No question: I would sing. I love singing. I hear harmonies in my head and love the way voices move together, love the ranges of notes, of tones, of volume. Gives me chills. The power to make music with your body! Awe-inspiring. But, boy, do I suck. Mad, you know me from my acting days, and I'm not terrible. I can play the piano, and earned a high school credit for it. I once made finalist in a provincial poetry competition in high school. I cannot draw or paint. But what I really wish I could do is sing. Sigh.

Well, that's me. What about you? Can I ask you some questions, blogosphere? Just say the word ...


Denguy said...

What a great song for Miss Baby.

As far as dancing, anything by Ricky Martin will get my feet moving, I tell ya.

NotSoSage said...

Mmm...loved Saturday Night at the Movies. Loved TVO when I had a TV.

Your song for Miss Baby is much more inventive than ours for Mme L...and Joe's a musician (though not a lyricist). I can't really write it out, as it doesn't make much sense unless you know her name. You'll just have to trust me.

Beck said...

Sigh. You know that I'm currently living in that small, dying town, and yep, you got it exactly right. My husband and I think that we're small city people, too - but we live here.

cinnamon gurl said...

I would like to explore more older movies... I really haven't seen very many. I think one I loved was Philadelphia Story? I have the worst memory for movies but it had fast fast snappy funny dialogue. I'll have to check out Bringing up Baby.

ewe are here said...

Great Answers. And lovely song.

And I adore the movie Bringing Up Baby; the timing in the movie is impeccable, and I love Grant and Hepburn.

Beck said...

Oh Mimi! No, I was in my usual pre-menstrual Why DO I LIVE HERE sulk when I read that this morning, but your post certainly didn't cause my funk. And we live here, for the record, so I can stay home with the kids and my mortgage is - don't tell anyone - about $200 a month. Not bad, not bad.

gingajoy said...

you've made me realize I am a small city person too.
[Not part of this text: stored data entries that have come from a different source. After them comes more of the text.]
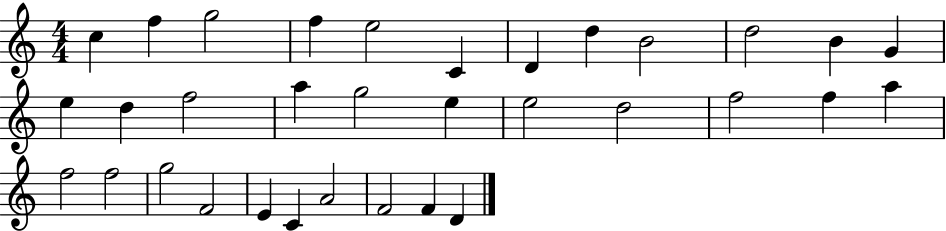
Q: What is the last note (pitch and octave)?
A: D4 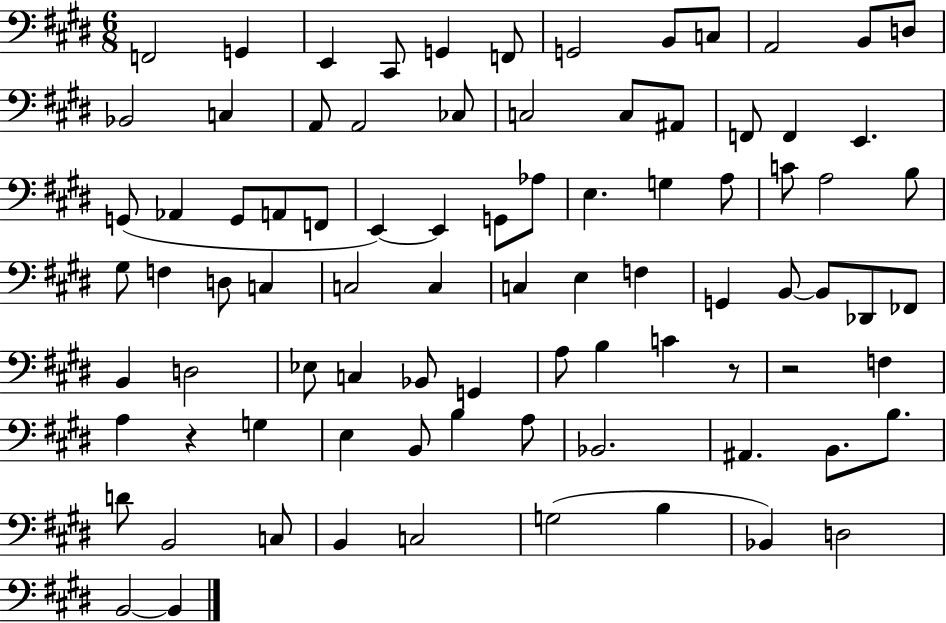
X:1
T:Untitled
M:6/8
L:1/4
K:E
F,,2 G,, E,, ^C,,/2 G,, F,,/2 G,,2 B,,/2 C,/2 A,,2 B,,/2 D,/2 _B,,2 C, A,,/2 A,,2 _C,/2 C,2 C,/2 ^A,,/2 F,,/2 F,, E,, G,,/2 _A,, G,,/2 A,,/2 F,,/2 E,, E,, G,,/2 _A,/2 E, G, A,/2 C/2 A,2 B,/2 ^G,/2 F, D,/2 C, C,2 C, C, E, F, G,, B,,/2 B,,/2 _D,,/2 _F,,/2 B,, D,2 _E,/2 C, _B,,/2 G,, A,/2 B, C z/2 z2 F, A, z G, E, B,,/2 B, A,/2 _B,,2 ^A,, B,,/2 B,/2 D/2 B,,2 C,/2 B,, C,2 G,2 B, _B,, D,2 B,,2 B,,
I've been thinking a lot about where we belong lately (brewing a post on it) but your points here actually
have helped me out a little.

Push It. Gets total play in our house! (Oooh baby baby. b'baby babAY")

Mimi said...

Beck -- phew! and you know MY mortgage costs $991 (and we have a CHEAP-ASS house) and daycare is $965. Which means when we have coffee someday, and complain about our respective hometowns, you're buying. :-)
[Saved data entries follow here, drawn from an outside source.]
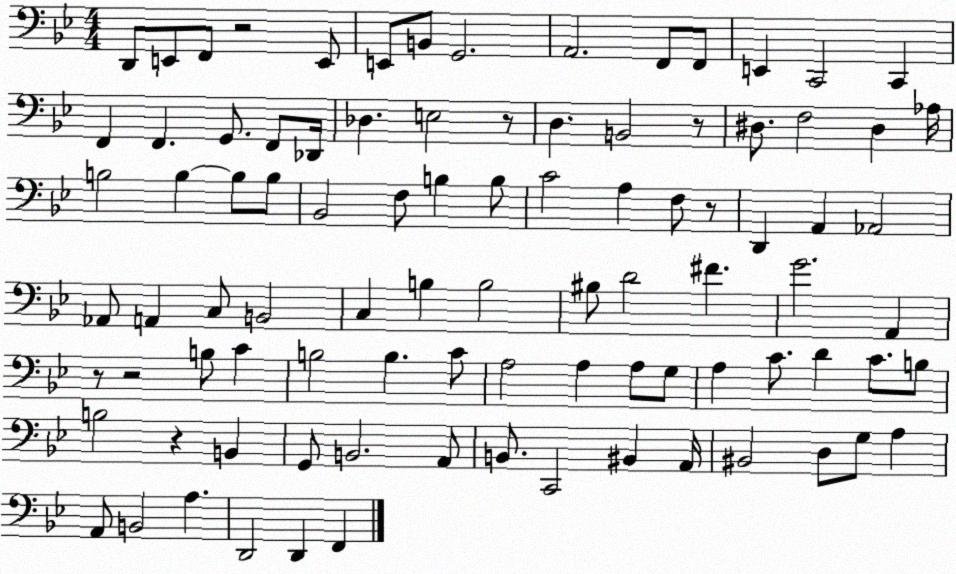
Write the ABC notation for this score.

X:1
T:Untitled
M:4/4
L:1/4
K:Bb
D,,/2 E,,/2 F,,/2 z2 E,,/2 E,,/2 B,,/2 G,,2 A,,2 F,,/2 F,,/2 E,, C,,2 C,, F,, F,, G,,/2 F,,/2 _D,,/4 _D, E,2 z/2 D, B,,2 z/2 ^D,/2 F,2 ^D, _A,/4 B,2 B, B,/2 B,/2 _B,,2 F,/2 B, B,/2 C2 A, F,/2 z/2 D,, A,, _A,,2 _A,,/2 A,, C,/2 B,,2 C, B, B,2 ^B,/2 D2 ^F G2 A,, z/2 z2 B,/2 C B,2 B, C/2 A,2 A, A,/2 G,/2 A, C/2 D C/2 B,/2 B,2 z B,, G,,/2 B,,2 A,,/2 B,,/2 C,,2 ^B,, A,,/4 ^B,,2 D,/2 G,/2 A, A,,/2 B,,2 A, D,,2 D,, F,, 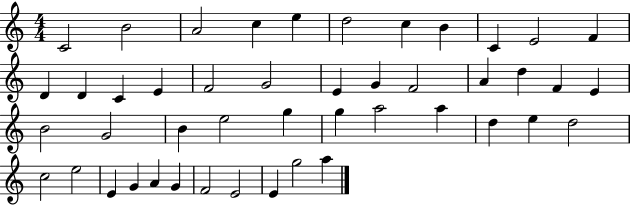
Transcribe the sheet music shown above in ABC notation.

X:1
T:Untitled
M:4/4
L:1/4
K:C
C2 B2 A2 c e d2 c B C E2 F D D C E F2 G2 E G F2 A d F E B2 G2 B e2 g g a2 a d e d2 c2 e2 E G A G F2 E2 E g2 a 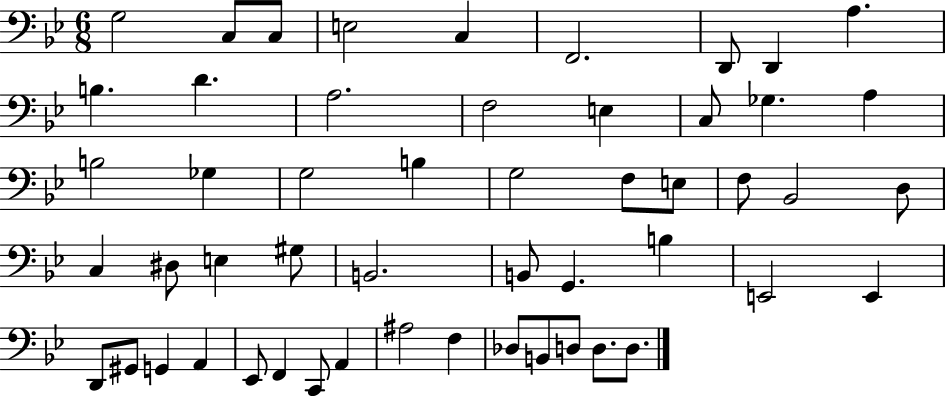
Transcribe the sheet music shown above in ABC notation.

X:1
T:Untitled
M:6/8
L:1/4
K:Bb
G,2 C,/2 C,/2 E,2 C, F,,2 D,,/2 D,, A, B, D A,2 F,2 E, C,/2 _G, A, B,2 _G, G,2 B, G,2 F,/2 E,/2 F,/2 _B,,2 D,/2 C, ^D,/2 E, ^G,/2 B,,2 B,,/2 G,, B, E,,2 E,, D,,/2 ^G,,/2 G,, A,, _E,,/2 F,, C,,/2 A,, ^A,2 F, _D,/2 B,,/2 D,/2 D,/2 D,/2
CG: like the PS? love BUB! seriously. just ask Ewe!

Mad Hatter said...

Great answers indeed! I live in a small city but perhaps it's just a wee bit too small--only one mall, movie theatre... The art gallery is fantastic (thank you to the judge who recently ruled in its favour) but there is not a lot in the way of arts here. Still, Sleepy Town is a pretty good place to live and it's an excellent place to raise a kid. Now Edmonton? I still think of Edmonton as paradise on earth except for that wee problem of the Idaho Low and the Artic High. There's only so many -20 days in a row that my heart can handle.
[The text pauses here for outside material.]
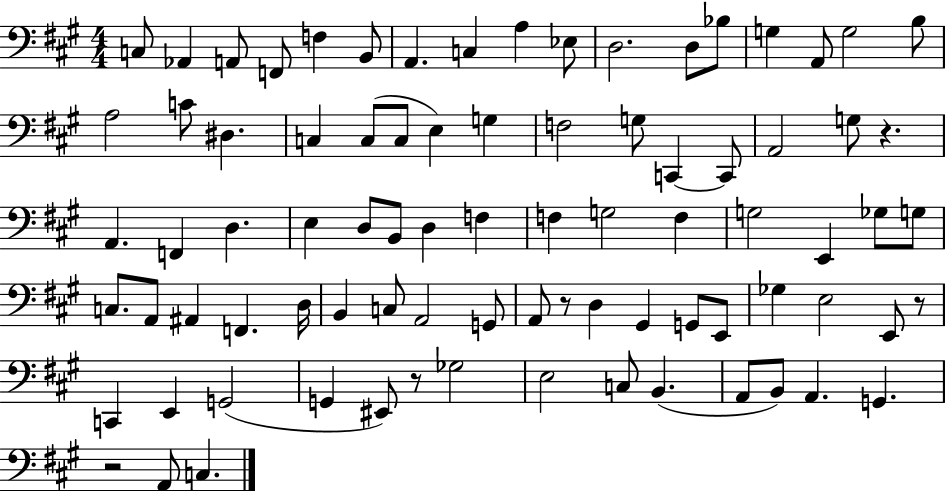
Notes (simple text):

C3/e Ab2/q A2/e F2/e F3/q B2/e A2/q. C3/q A3/q Eb3/e D3/h. D3/e Bb3/e G3/q A2/e G3/h B3/e A3/h C4/e D#3/q. C3/q C3/e C3/e E3/q G3/q F3/h G3/e C2/q C2/e A2/h G3/e R/q. A2/q. F2/q D3/q. E3/q D3/e B2/e D3/q F3/q F3/q G3/h F3/q G3/h E2/q Gb3/e G3/e C3/e. A2/e A#2/q F2/q. D3/s B2/q C3/e A2/h G2/e A2/e R/e D3/q G#2/q G2/e E2/e Gb3/q E3/h E2/e R/e C2/q E2/q G2/h G2/q EIS2/e R/e Gb3/h E3/h C3/e B2/q. A2/e B2/e A2/q. G2/q. R/h A2/e C3/q.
As for songs, we have a number of Miss M ditties but none so sophisticated as Miss Baby's song.

I like your legislation a lot. It's very Trudeau-era and given that so many bloggers seem to want to do this dead guy, your answer here is inspired.

I don't think I have ever heard you sing. Next time we're together we'll have to have a "Songs to our babies" pagent.

Oh and I just found out yesterday that I have one leg 2 inches shorter than the other. All the better for walking on the sides of hills, woouldn't you say? (That is Bringing Up Baby, I'm remembering right?)

Mimi said...

Yes, Mad, that's the line: and did you know it was an ad-lib? Provoked, of course, by the broken shoe-heel, which was not scripted.

Omaha Mama said...

Look at you with your fancy nightclub look! Somebody's been playing with her template. Very cool - I like it.

mo-wo said...

OK I thought about asking Mad to question me.. but no way. Her questions are too hard.

You did a stellar job though. Very entertaining. Bringing up Baby is a really great movie but I am a sucker for the Philadelphia Story and High Society, too.